Walk through the door at Dandelions and you enter a young crafter’s paradise. Glitter, beads, jewels, feathers, ribbons and numerous other embellishments fill the bright yellow bins behind the rainbow counter. Small tables, pre-set with blue paper mats, cups of crayons, paintbrushes and markers fill the room. Paint smocks hang on the cheery walls, along with samples of various craft projects.
Around the corner of the desk, an array of crafty possibilities awaits. Picture frames, paper-maché letters, bird houses, felt pillow monsters, and many other items ranging in price from $2.99 to $24.99, sit waiting to be chosen by budding artists.
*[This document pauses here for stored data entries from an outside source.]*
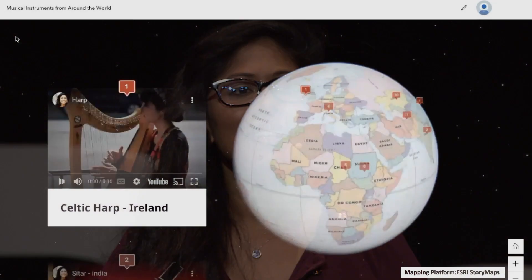It became a fun way to teach him geography, culture, and diversity in music. You can hover anywhere on the map, like Ireland here for example, and listen to the sound of the harp. More schools are adapting interactive maps to make learning more fun and engaging.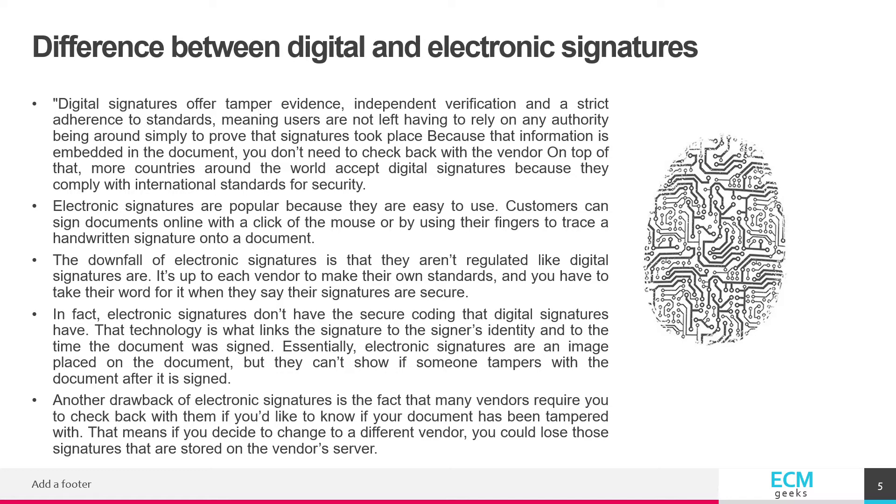The downfall of electronic signatures is that they aren't regulated like digital signatures are. It's up to each vendor to make their own standards, and you have to take their word for it when they say their signatures are secure. In fact, electronic signatures don't have the secure coding that digital signatures have.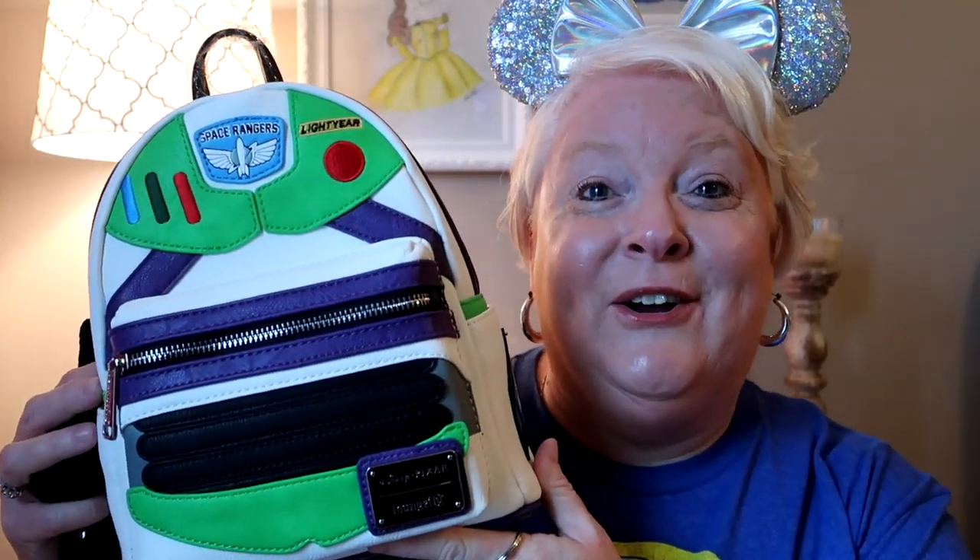I have been sitting on this bag for a while. It is another Loungefly bag — a Buzz Lightyear Loungefly bag. I wanted to bring this to you guys because Toy Story 4 is still hot out there and everybody loves it, and I just wanted to put this up for my subscribers and give back to you guys.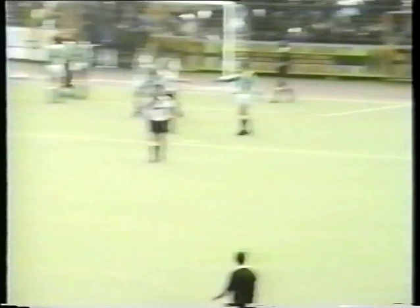Preston now looking to get this equaliser, headed away — and there's the final whistle. 2-1 to Plymouth, a good away victory. Goals from Joyce and Regis after 26 and 34 minutes respectively, and Davidson got the goal for Preston. The final score: 2-1.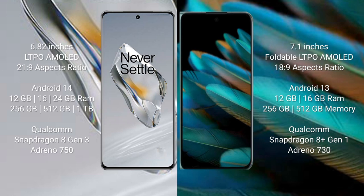OnePlus 12 comes with 12GB, 16GB, or 24GB RAM and 256GB, 512GB, or 1TB internal storage, powered by Qualcomm Snapdragon 8 Gen 3 processor. OPPO Find N2 comes with 12GB or 16GB RAM and 256GB or 512GB internal storage, powered by Qualcomm Snapdragon 8 Gen 1 processor with Adreno 730 GPU.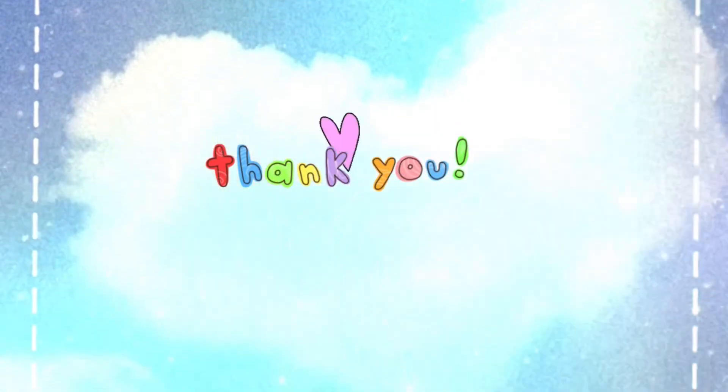And that's it for now. See you guys in my next video, bye!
Nestled in the patio area of the Brookwood Shopping Center between Dillon’s and Boss Hawg’s, Dandelions opened its doors in July. Owner Brenda Ruhnke said her vision was to create a place where kids could make awesome art projects and parents wouldn’t have to worry about the mess.
“Kids love to create things,” Brenda said. “But it is hard for parents to have all those art supplies on hand. And, they don’t want to deal with the cleanup at home. Here, the kids can pour paint, sprinkle glitter, spread glue—and we clean up the mess.”
Brenda knows a little bit about cleaning up after kids. As a stay-at-home mother who ran a day care for 27 years, she had plenty of practice. Five years ago, after the last of her day-care kids hit school age, she took a full-time job in the corporate world. However, she missed working with kids. So much so, that after a trip to Kansas City with her granddaughter, where they visited a similar craft store, she began forming plans to open her own place in Topeka.
Thanks to some guidance from the Washburn Small
Business Development Center and help from friends and family, Brenda cashed in her 401K and made that dream a reality.
“I can’t think of anything I would rather do,” Brenda said. “When I am working with a child, helping put glitter on or pour paint, it is pure joy for me.”
Brenda hopes to bring in some pre-school classes and set up arrangements with local teachers so kids can come in and make their school projects in her store. She has planned store hours around local school calendars so that when kids are out of school for holidays or in-service days, they can have a place to spend a few hours doing something fun.
And because no one is ever too old for crafts, she is planning a ladies night each week to give artsy adults a chance to get in on the fun.
While parents are not allowed to just drop their kids off at Dandelions, they don’t have to actively participate in the craft projects if they don’t want too. However, according to a brightly colored sign hanging on the wall, “Children left unattended will be sent home with an open bottle of glitter.”
WHAT’S WITH THE NAME? Brenda said it has special meaning to her. “Dandelions. Adults see them as weeds. Children see them as wishes.”